In 1838, physical activity began to receive special attention at the Perkins School for students with visual disabilities in Boston. Mostly because of the director of the school, he wanted the students to receive all the health benefits of physical activity. The students participated in gymnastic exercises and swimming. This was the first physical education program in the country for students who were blind. Early adapted physical education programs were medically oriented and preventative, developmental, or corrective in nature. The purpose was to prevent illness and promote health. Up until 1952, several schools many schools would excuse students with disabilities from physical education.
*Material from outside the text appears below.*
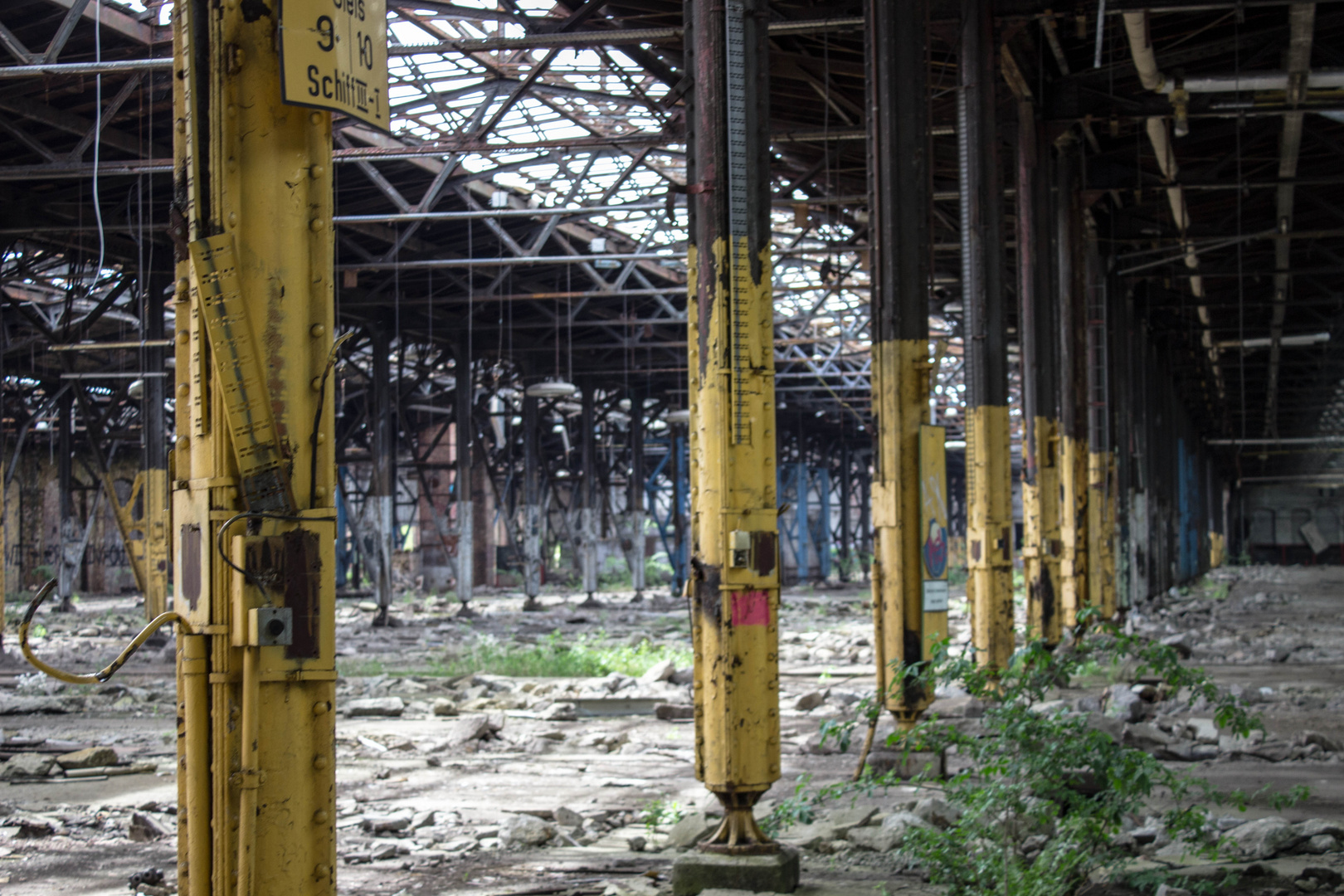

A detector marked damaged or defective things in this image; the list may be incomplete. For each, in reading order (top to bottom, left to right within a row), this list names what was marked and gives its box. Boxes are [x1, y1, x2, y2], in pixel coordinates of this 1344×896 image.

In 1952 the American Association for Health, Physical Education and Recreation (AAHPER) formed a committee to define adapted physical education and give direction for teachers. This committee defined adapted physical education as “a diversified program of developmental activities, games, sports, and rhythms suited to the interests, capacities, and limitations of students with disabilities who may not safely or successfully engage in unrestricted participation in the rigorous activities of the regular physical education program”. Lastly, in 1968, the Kennedy Foundation established the Special Olympics. This program has grown rapidly and holds competitions at local, state, national and international levels in an ever-increasing range of sports.
Important Laws for Adapted Physical Education
· 1973 The Rehabilitation act of 1973
o Designed to prevent discrimination and provide equal opportunity for individuals with disabilities in programs or activities receiving federal financial assistance.
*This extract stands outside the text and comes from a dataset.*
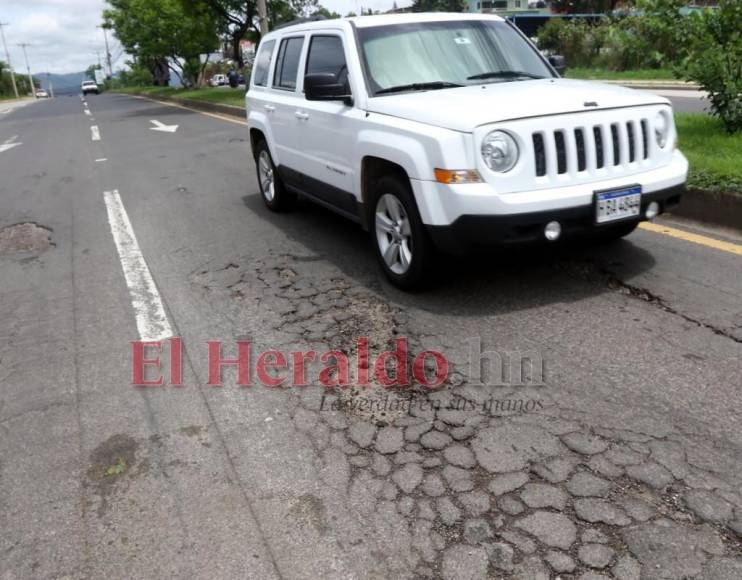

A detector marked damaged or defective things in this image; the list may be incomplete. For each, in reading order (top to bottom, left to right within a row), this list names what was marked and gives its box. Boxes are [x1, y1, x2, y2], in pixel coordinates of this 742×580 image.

pothole [0, 223, 53, 255]
cracked asphalt patch [189, 250, 742, 580]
· 1975 The Education for all Handicapped Children Act of 1975
o Designed to ensure that all children with handicapping conditions have available to them a free appropriate public education that emphasizes special education (including physical education) and related services designed to meet their unique needs.
· 1978 The Armature Sports Act of 1978
o Passes to coordinate national efforts concerning armature activity, including activity associated with the Olympic Games.
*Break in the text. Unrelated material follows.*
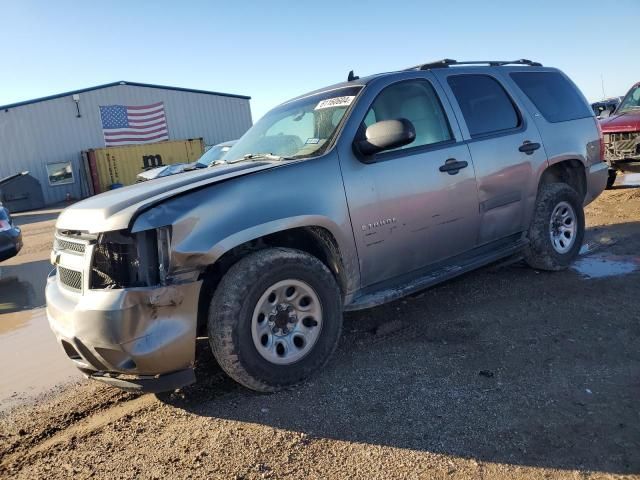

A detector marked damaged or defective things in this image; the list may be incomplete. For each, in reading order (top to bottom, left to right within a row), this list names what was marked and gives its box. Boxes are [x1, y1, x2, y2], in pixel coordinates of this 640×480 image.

damaged front bumper [45, 272, 200, 392]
· 1983 Amendments to the Education for All Handicapped Children Act
o Provided incentives to states to provide services to infants, toddlers, and preschoolers with handicapping conditions.
· 1986 Education for all Handicapped Children Amendments of 1986
o Expanded educational services to preschool children. Established programs of early intervention.
· 1990 Individuals with Disabilities Education Act (IDEA)
o Replaced the term “handicapped” with “disabilities,” expanded on types of services offered and disabilities covered.
· 1997 Individuals with Disabilities Education Act Amendments of 1997
o Provided several changes in the law, including provisions for free appropriate education for all children with disabilities (ages 3 to 21); extension of a “developmental delay” provisions for children ages 3 to 9; emphasis on educational results; required progress reports for children with disabilities that are the same as those for children without disabilities; and changes in individualized education program (IEP) requirements.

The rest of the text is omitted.